Il nostro cammino ci permette di entrare in contatto con villaggi estivi di pastori rimasti fermi nel tempo: vivono in case coniche di legno, con qualche capra e fanno essiccare il formaggio al sole su dei graticci in legno. Anche loro sono gentili e ci accolgono con un sorriso e un’offerta di cibo e tè, che però al momento decliniamo. Trascorsa una notte in questo alpeggio d’altri tempi, ripartiamo verso “L’epilobium base camp”, a quota 4000 m, tappa intermedia prima di affrontare l’Amin pass e il ghiacciaio dello Chantar. “L’epilobium base camp” prende il nome dal fiore dell’epilobio, un fiore viola che troviamo ovunque in quel luogo. È un posto fatato. Siamo circondati da vette di 7000 m ancora inesplorate, da rigoli d’acqua e macchie viola di fiori. In lontananza vediamo l’inizio del ghiacciaio fossile, nero e misterioso, simile ad una grande coperta scura.

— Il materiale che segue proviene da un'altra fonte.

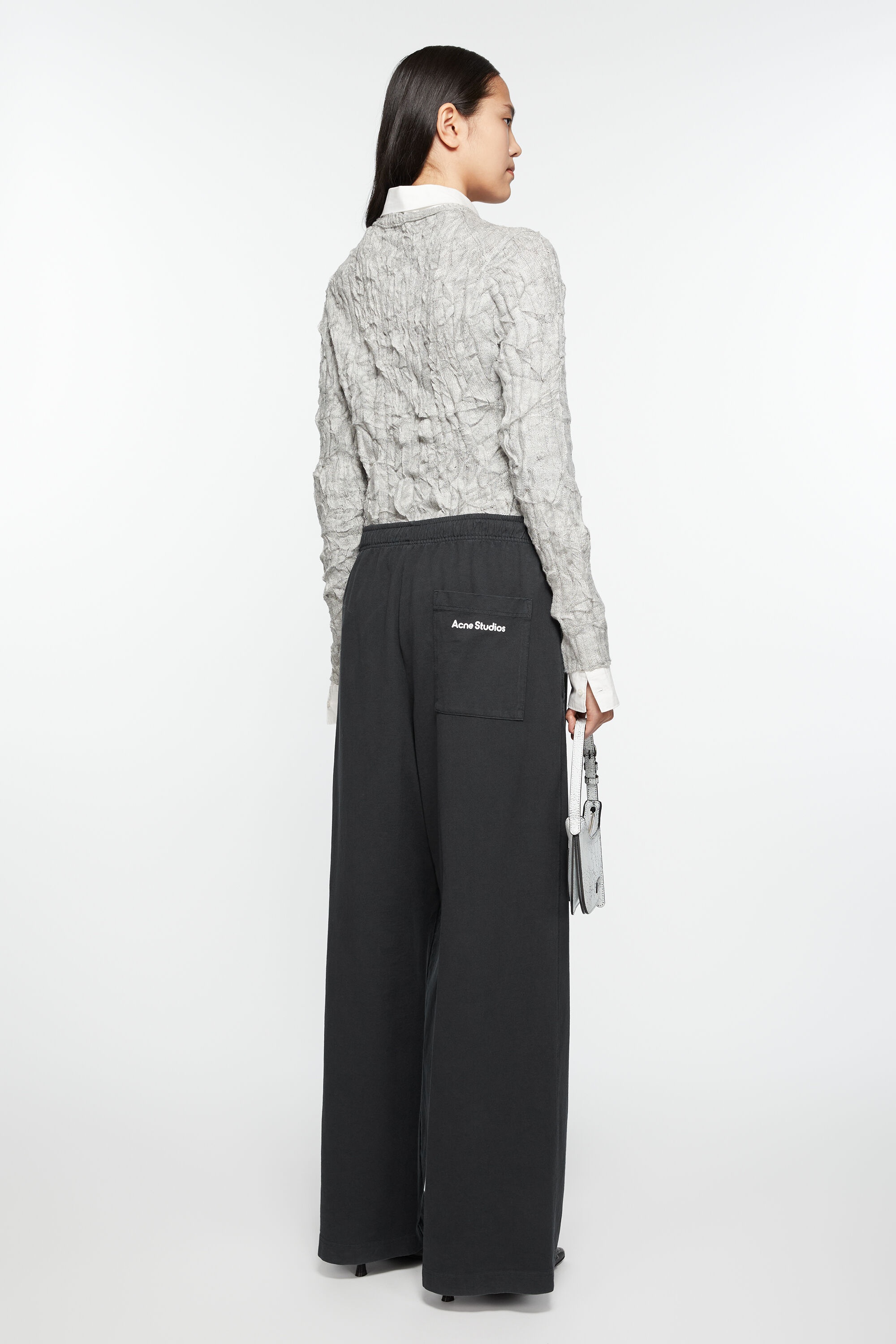 Acne Studios Sweatpant logo stamp - Black | REVERSIBLE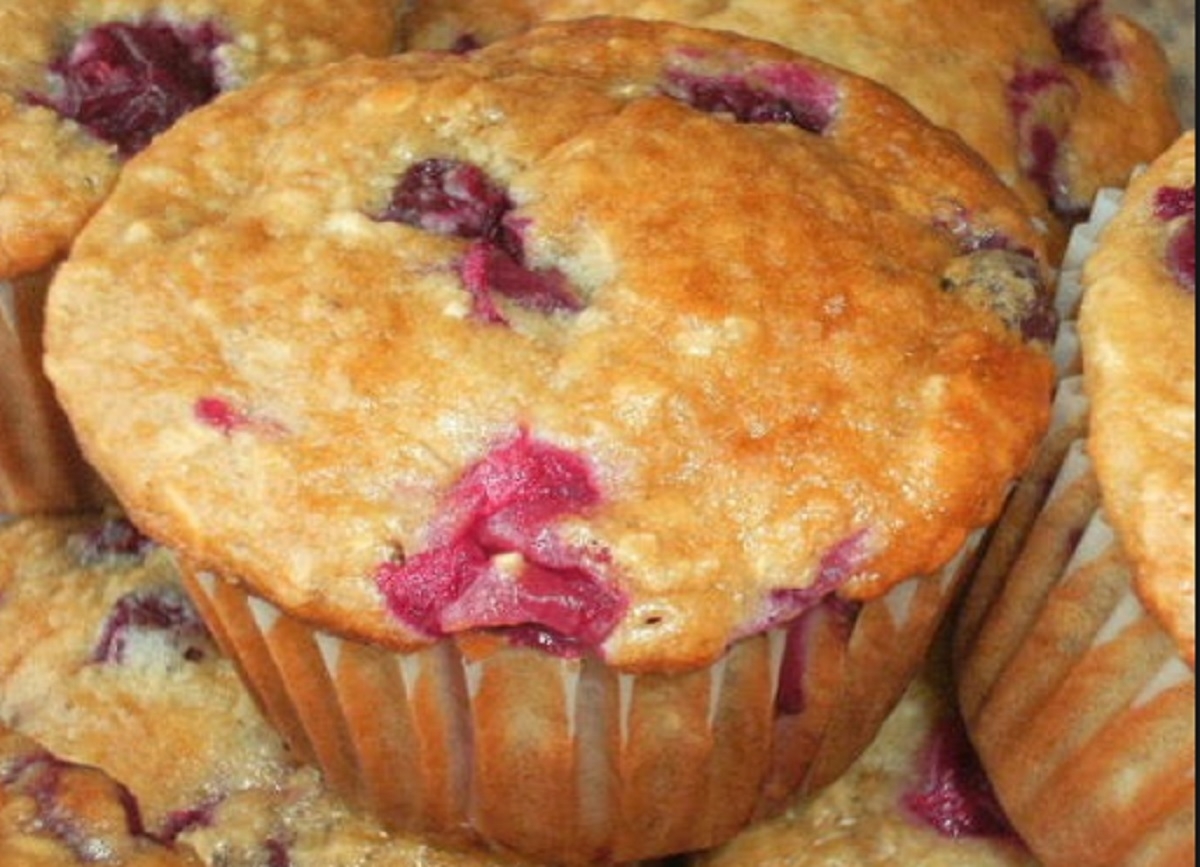 Les muffins aux canneberges de maman, vous ne pourrez plus vous en passer.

All’”Epilobium base camp” troviamo su un sasso la scritta “2007”, fatta dal gruppo esplorativo di Franco Brunello (CAI Montecchio), passato di lì quell’anno, e ci rendiamo conto di quanto sia selvaggio questo luogo.
Ai miei occhi il nostro viaggio appare come un trekking davvero avventuroso (lungo il ghiacciaio scopriremo che è anche alquanto “alpinistico”). Ci sentiamo come gli esploratori russi e britannici che ai tempi del “Grande gioco” cercavano di raccogliere importanti informazioni su questi luoghi ancora mai attraversati da europei.
Dopo due notti all’” Epilobium base camp” iniziamo ad affrontare il ghiacciaio e ci prepariamo a raggiungere il punto più alto del nostro trekking: l’Amin pass a 5070 m.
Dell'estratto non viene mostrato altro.